Oct 11, 2014, 06:33 PM | Updated Feb 22, 2016, 05:04 PM IST


Kailash Satyarthi and Malala Yusafzai have been awarded the Nobel Peace Prize for 2014 “for their struggle against the suppression of children and young people and for the right of all children to education”. While we do not in any way wish to take away any of their remarkable honour and glory, we at Swarajya did take a hard look at the Nobel Peace Prize and the awardees over the last few decades.

On 27 November 1895, Alfred Nobel signed his last will and testament, giving the largest share of his fortune to a series of prizes, the Nobels. As described in Nobel’s will, one part was dedicated to “the person who shall have done the most or the best work for fraternity between nations, for the abolition or reduction of standing armies and for the holding and promotion of peace congresses”. The average age of all Nobel Peace Laureates between 1901 and 2014 is 61 years. Malala, at 17, is the youngest ever winner of any Nobel in any category. Satyarthi is 60.

Here goes: the dubious Nobel Peace Prize Prize winners (the list is not comprehensive, we selected the ones who came to our collective mind immediately).
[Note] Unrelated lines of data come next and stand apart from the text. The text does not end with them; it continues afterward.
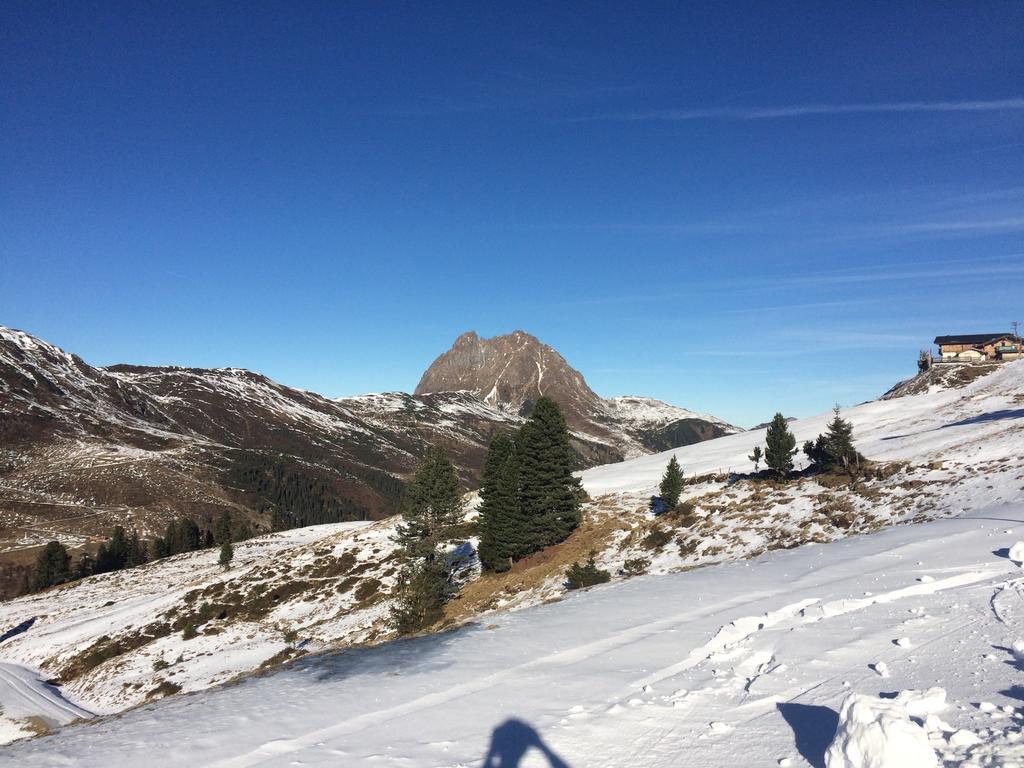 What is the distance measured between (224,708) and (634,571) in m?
22.3

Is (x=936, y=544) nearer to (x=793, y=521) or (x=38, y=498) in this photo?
(x=793, y=521)

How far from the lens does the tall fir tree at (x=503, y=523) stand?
119 feet

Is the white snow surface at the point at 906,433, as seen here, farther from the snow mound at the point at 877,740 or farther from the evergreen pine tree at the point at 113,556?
the evergreen pine tree at the point at 113,556

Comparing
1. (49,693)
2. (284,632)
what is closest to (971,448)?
(284,632)

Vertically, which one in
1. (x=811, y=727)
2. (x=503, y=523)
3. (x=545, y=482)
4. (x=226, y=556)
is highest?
(x=545, y=482)

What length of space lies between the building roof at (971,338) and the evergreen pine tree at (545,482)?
14836cm

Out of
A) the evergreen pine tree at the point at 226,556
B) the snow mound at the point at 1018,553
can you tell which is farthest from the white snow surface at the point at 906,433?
the evergreen pine tree at the point at 226,556

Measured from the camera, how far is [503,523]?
36625 mm

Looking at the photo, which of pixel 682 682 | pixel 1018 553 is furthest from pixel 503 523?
pixel 682 682

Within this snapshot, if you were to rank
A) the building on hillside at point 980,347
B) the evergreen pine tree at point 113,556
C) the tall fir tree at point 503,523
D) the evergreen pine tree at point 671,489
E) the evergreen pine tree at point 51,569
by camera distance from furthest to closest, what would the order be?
the building on hillside at point 980,347 → the evergreen pine tree at point 113,556 → the evergreen pine tree at point 51,569 → the evergreen pine tree at point 671,489 → the tall fir tree at point 503,523

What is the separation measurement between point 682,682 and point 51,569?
120 metres

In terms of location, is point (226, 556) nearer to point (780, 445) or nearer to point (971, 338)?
point (780, 445)

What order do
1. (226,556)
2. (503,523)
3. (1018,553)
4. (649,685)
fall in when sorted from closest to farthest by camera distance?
(649,685), (1018,553), (503,523), (226,556)

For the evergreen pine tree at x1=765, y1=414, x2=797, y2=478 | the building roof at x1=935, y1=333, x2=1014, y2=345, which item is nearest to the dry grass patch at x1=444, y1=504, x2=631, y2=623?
the evergreen pine tree at x1=765, y1=414, x2=797, y2=478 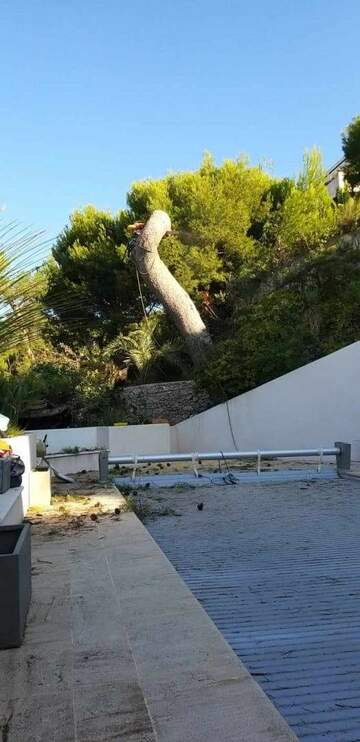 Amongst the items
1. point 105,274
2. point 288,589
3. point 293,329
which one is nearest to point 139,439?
point 293,329

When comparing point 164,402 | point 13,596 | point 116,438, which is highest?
point 164,402

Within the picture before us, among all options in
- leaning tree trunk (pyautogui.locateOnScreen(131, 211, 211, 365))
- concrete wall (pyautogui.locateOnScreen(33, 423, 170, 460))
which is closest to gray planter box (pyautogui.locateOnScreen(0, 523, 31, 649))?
concrete wall (pyautogui.locateOnScreen(33, 423, 170, 460))

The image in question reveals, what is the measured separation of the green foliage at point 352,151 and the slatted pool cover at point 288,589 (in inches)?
745

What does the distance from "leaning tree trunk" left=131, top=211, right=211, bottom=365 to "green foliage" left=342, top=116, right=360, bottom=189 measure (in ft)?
32.6

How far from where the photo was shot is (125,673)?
2.32 metres

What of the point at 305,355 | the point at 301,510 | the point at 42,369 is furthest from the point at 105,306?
the point at 301,510

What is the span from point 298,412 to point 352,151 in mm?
15061

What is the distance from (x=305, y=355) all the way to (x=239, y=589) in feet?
34.9

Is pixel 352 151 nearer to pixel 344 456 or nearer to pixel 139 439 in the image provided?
pixel 139 439

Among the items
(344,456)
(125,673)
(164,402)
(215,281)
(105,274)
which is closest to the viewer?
(125,673)

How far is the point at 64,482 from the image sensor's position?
935cm

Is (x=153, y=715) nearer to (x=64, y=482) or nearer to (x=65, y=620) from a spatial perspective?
(x=65, y=620)

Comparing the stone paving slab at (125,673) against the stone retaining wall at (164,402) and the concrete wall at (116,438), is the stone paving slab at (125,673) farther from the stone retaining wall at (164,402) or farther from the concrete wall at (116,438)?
the stone retaining wall at (164,402)

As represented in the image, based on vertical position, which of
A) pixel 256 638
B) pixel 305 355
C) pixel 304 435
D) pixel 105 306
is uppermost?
pixel 105 306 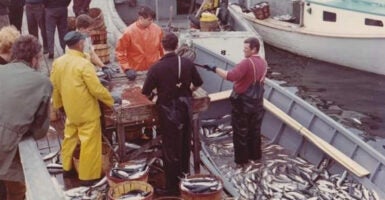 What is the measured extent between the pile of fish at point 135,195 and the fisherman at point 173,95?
0.88 meters

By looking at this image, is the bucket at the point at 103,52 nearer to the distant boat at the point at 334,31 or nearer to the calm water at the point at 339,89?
the calm water at the point at 339,89

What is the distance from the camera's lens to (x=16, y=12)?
1145 centimetres

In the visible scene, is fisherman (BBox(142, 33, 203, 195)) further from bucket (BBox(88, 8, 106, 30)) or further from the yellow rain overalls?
bucket (BBox(88, 8, 106, 30))

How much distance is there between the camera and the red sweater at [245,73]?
766cm

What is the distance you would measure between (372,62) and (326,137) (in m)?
10.7

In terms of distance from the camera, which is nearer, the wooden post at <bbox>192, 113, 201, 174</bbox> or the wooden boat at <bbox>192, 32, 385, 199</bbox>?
the wooden post at <bbox>192, 113, 201, 174</bbox>

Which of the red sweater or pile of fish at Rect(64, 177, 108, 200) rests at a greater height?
the red sweater

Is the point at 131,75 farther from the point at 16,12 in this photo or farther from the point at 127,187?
the point at 16,12

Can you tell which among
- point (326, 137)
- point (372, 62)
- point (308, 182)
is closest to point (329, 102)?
point (372, 62)

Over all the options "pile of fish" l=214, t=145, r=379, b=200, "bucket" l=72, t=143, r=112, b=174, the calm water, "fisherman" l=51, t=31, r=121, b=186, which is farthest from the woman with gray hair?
the calm water

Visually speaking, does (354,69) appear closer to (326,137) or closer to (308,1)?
(308,1)

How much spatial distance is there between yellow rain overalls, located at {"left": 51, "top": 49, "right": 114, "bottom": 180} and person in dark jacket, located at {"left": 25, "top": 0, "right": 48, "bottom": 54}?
5.01m

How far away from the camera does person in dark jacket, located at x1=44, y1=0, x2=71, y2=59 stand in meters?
10.8

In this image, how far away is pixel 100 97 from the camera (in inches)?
252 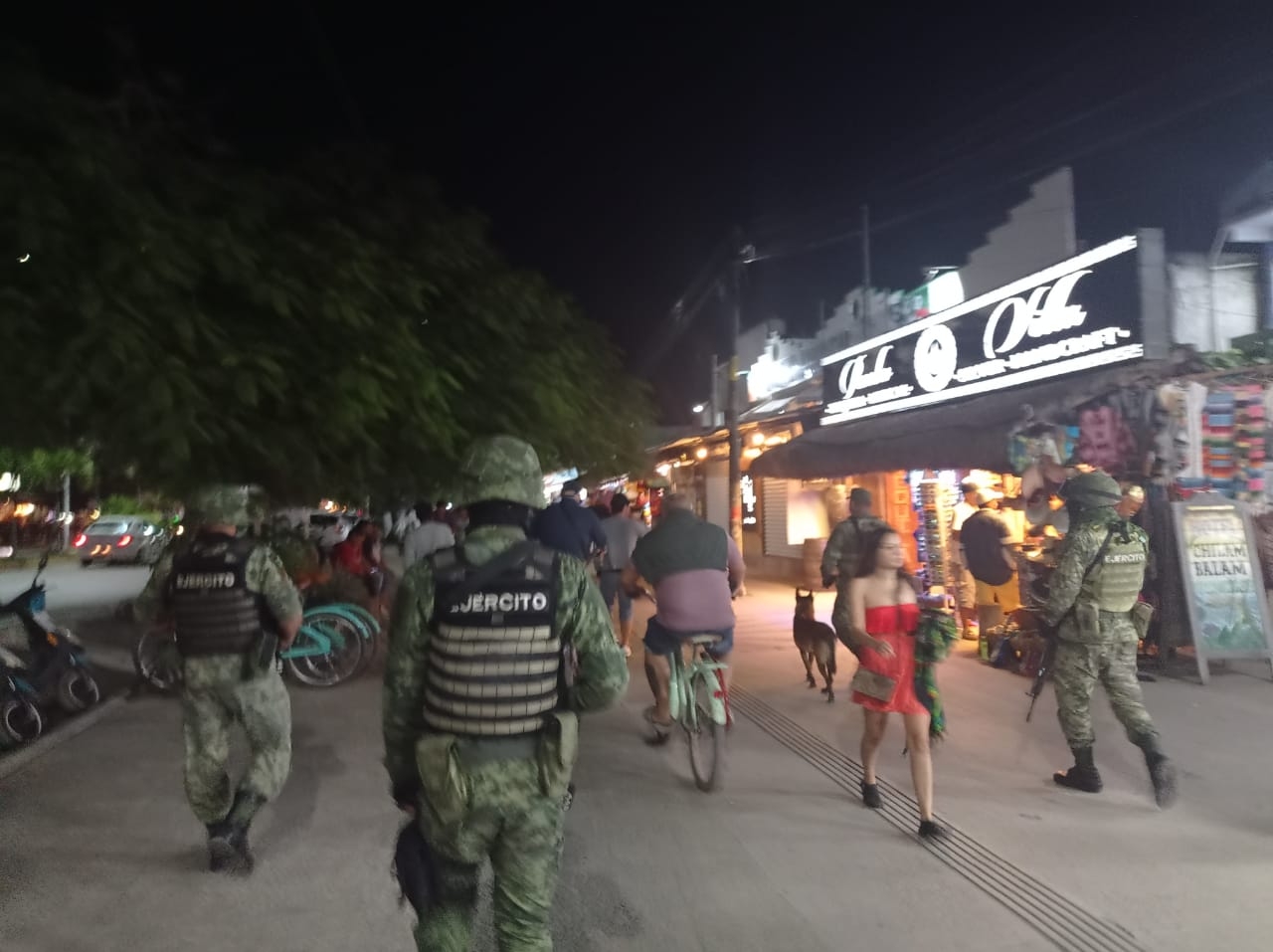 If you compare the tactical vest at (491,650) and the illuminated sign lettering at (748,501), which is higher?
the illuminated sign lettering at (748,501)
1. The European Union, 2012

– “for over six decades contributed to the advancement of peace and reconciliation, democracy and human rights in Europe”

The truth: The EU has not been a great success. Far from it.

Forget the Eurozone crisis, and the PIGS economies—Portugal, Italy, Greece and Spain. All of us know about the EU’s desperate scrambling around. Let’s get into slightly lesser known stuff. The EU’s Common Agricultural Policy (CAP) was a hugely inefficient economic policy and a massive waste of money.

It subsidized farmers to produce goods that nobody wanted. The excess supply was often dumped on world markets creating falling prices and incomes for world farmers. After many years, the worst excesses of CAP have been reformed. But, it remains persistently difficult to end the culture of subsidizing agriculture. The taxpayer pays the burden of higher prices and cost to EU.

Unemployment in the European Union has been persistently high for the past two decades because of its strictly regulated labour market policies as defined in the EU’s social charter.

A survey in 2012, conducted by TNS Opinion and Social on behalf of the European Commission, showed that, for the European Union overall, those who think that their country’s interests are looked after well in the EU are now in a minority (42%). About 60% of EU citizens do not trust the European Union as an institution.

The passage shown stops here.